Please reproduce all the data exactly as written and omit the pictures.

Stored data:

****

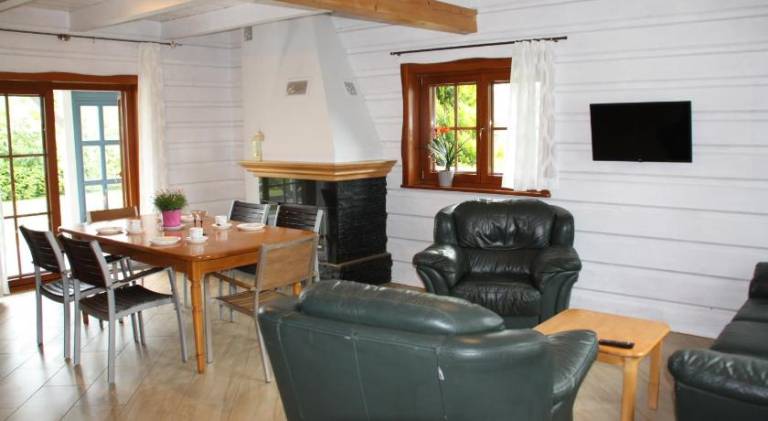 Lodge with garden, barbeque & patio — photo 5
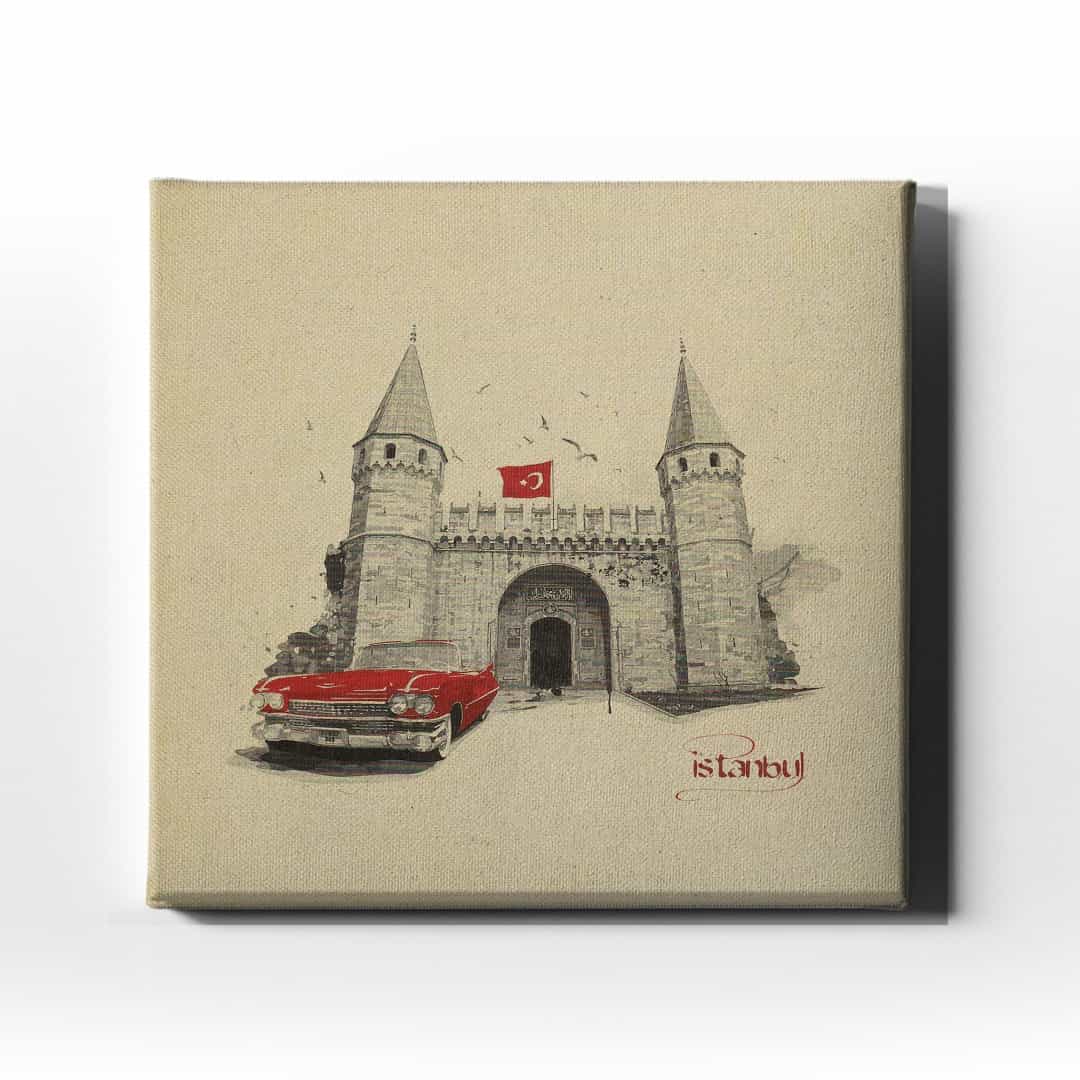 Istanbul Topkapi Sarayi  Canvas Tablo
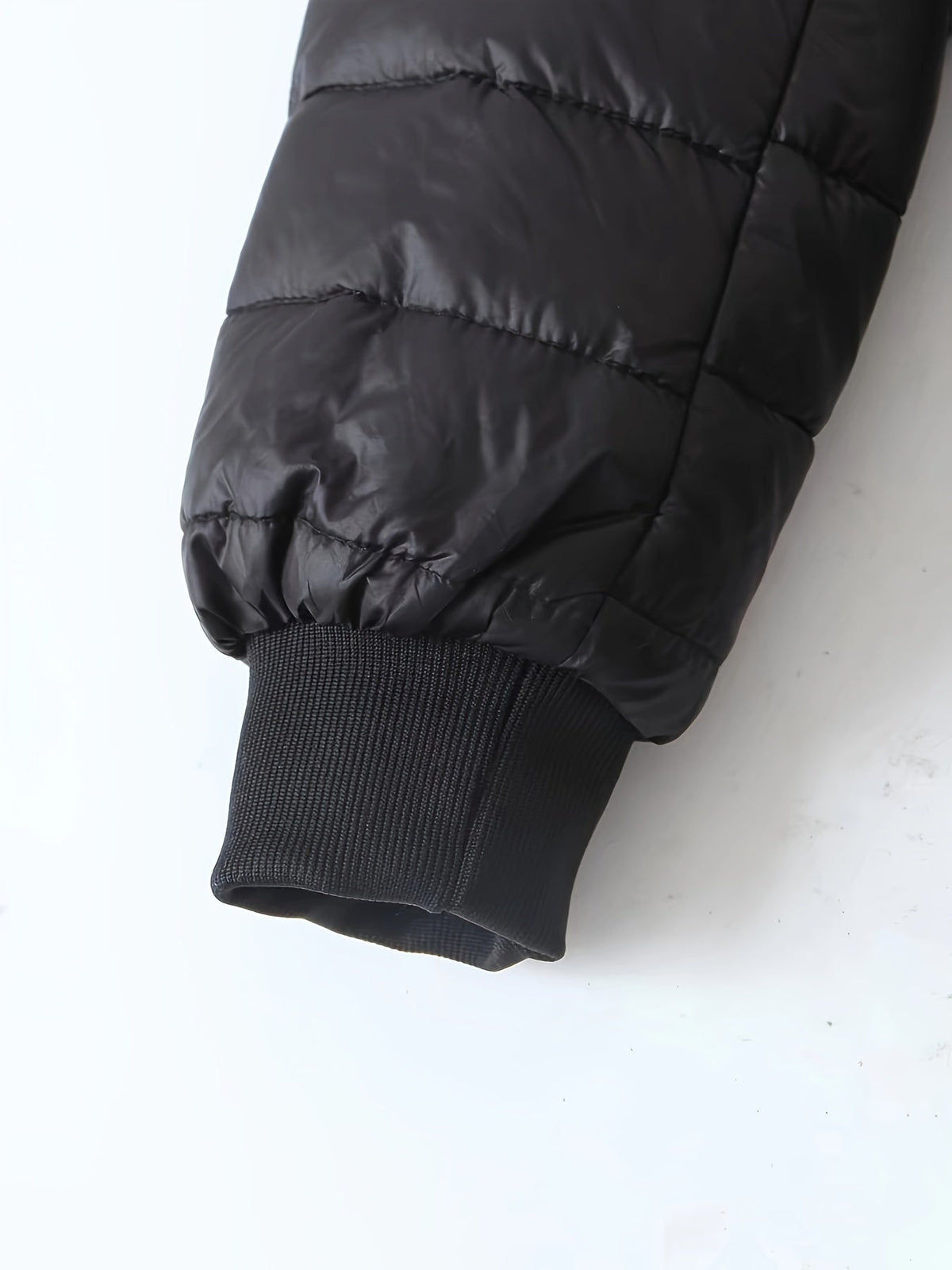 Women's Longline Padded Quilted Winter Coat
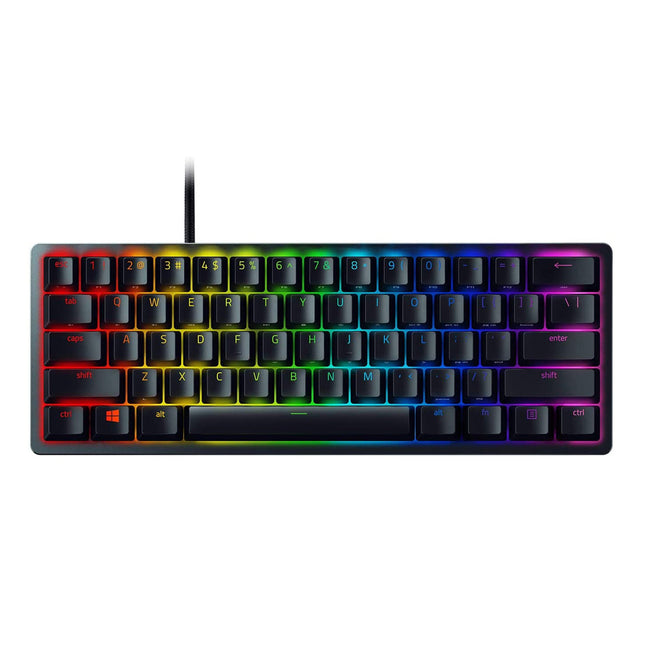 Razer Huntsman Mini Gaming Keyboard, Purple Switch, Chroma RGB, Black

****

Response to the task:
 Lodge with garden, barbeque & patio — photo 5
 Istanbul Topkapi Sarayi  Canvas Tablo
 Women's Longline Padded Quilted Winter Coat
 Razer Huntsman Mini Gaming Keyboard, Purple Switch, Chroma RGB, Black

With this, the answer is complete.